Goldman Sachs Asset Management is playing catch-up with JPMorgan Chase Co., which has a two-year head start.
“We’re going to take a similar approach to our U.S. line-up but focus on the needs of European investors,” Mike Crinieri, global head of ETF Strategy at GSAM, said by phone. The firm is focused on the multi-factor approach because that “adds value over the entire market cycle” and it will continue expanding its European business for different asset classes, he said.
Multi-factor ETFs are part of the smart-beta boom that now oversees more than $926 billion in the U.S. Bloomberg Intelligence analysts are optimistic about the growth prospects of the sector as more financial advisers seek innovative products. That’s particularly the case in Europe where the ETF market is still less than a quarter the size of America.
“It’s far from a mature market — we’re still looking at double-digit growth,” Peter Thompson, head of GSAM’s European ETF Business, said by phone.

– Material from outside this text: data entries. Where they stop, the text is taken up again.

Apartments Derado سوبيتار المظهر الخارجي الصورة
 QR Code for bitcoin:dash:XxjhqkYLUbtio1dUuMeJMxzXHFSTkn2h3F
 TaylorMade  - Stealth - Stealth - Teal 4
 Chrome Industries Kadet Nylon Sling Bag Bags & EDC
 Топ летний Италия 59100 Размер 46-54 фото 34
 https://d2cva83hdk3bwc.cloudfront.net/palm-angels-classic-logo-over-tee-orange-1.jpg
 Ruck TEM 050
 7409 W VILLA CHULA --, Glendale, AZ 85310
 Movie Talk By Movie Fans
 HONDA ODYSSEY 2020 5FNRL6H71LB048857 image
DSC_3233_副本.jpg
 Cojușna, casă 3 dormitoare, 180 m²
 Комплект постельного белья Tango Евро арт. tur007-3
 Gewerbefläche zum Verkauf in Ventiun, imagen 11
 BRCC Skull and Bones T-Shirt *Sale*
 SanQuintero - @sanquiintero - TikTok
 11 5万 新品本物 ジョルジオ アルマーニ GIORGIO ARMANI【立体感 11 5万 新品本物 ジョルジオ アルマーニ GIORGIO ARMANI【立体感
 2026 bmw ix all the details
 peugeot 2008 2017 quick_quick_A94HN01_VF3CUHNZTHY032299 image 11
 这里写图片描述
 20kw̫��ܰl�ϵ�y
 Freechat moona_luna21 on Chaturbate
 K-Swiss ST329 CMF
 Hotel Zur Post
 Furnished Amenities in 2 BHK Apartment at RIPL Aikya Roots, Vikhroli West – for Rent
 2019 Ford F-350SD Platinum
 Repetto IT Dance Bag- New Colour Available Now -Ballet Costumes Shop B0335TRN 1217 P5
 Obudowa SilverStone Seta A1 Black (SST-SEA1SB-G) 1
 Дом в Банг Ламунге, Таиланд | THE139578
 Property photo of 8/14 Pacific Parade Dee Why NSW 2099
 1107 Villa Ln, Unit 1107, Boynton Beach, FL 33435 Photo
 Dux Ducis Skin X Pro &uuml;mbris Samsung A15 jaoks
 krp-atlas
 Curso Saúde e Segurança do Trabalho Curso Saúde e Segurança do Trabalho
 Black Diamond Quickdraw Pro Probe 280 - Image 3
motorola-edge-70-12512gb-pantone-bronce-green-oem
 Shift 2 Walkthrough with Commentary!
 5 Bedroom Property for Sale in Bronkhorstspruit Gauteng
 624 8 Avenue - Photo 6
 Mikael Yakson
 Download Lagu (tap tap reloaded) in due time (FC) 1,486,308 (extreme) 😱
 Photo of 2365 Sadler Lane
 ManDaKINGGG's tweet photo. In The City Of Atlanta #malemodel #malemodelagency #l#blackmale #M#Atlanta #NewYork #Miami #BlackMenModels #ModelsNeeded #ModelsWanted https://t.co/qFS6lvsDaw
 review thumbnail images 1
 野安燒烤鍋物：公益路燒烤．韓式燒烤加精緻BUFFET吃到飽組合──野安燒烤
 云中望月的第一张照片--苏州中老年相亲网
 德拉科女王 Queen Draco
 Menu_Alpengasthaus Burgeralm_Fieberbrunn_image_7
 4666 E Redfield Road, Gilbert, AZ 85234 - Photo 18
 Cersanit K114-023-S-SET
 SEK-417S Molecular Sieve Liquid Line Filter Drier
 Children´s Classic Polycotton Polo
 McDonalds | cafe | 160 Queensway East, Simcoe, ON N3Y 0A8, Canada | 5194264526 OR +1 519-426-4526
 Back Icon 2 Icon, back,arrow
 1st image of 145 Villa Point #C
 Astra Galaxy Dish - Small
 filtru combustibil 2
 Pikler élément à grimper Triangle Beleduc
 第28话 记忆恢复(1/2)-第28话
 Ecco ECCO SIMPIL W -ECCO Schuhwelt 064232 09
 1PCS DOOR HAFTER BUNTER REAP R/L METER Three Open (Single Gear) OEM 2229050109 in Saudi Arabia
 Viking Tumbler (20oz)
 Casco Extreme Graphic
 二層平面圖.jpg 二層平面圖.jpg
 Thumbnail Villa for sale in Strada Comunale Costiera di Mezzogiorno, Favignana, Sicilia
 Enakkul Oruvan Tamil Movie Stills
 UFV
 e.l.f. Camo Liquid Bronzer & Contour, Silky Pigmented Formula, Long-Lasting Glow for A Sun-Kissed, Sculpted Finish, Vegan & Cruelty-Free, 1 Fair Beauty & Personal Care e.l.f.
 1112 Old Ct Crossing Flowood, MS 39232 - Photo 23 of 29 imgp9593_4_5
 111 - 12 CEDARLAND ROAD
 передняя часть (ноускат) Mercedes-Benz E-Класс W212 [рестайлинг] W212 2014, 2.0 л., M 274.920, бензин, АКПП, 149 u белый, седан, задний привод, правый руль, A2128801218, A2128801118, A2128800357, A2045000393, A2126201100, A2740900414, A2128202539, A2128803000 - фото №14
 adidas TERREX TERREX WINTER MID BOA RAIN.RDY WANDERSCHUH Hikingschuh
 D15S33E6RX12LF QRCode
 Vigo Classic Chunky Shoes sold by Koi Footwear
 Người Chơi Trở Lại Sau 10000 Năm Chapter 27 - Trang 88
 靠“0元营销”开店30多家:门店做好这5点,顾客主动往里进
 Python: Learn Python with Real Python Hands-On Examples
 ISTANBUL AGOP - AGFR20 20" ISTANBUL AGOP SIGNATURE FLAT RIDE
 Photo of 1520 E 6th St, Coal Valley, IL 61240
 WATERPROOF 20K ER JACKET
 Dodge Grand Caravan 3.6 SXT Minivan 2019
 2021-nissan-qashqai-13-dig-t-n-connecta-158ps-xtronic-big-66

In addition to the London Stock Exchange, the new ETF will be listed on the Deutsche Boerse, Borsa Italiana and the Swiss Exchange over the next three to eight weeks, said Thompson. GSAM hopes to introduce about 10 new products across both fixed income and equities across these exchanges and in London by the end of the first quarter of 2020, he said.
“Goldman’s targeted lineup and reputation drew flows quickly in the U.S., and we expect the same in Europe,” wrote Bloomberg Intelligence analysts Athanasios Psarofagis and Eric Balchunas in a note.
Goldman, with over $14 billion in ETF assets, has 19 such funds in America with the first launched September 2015.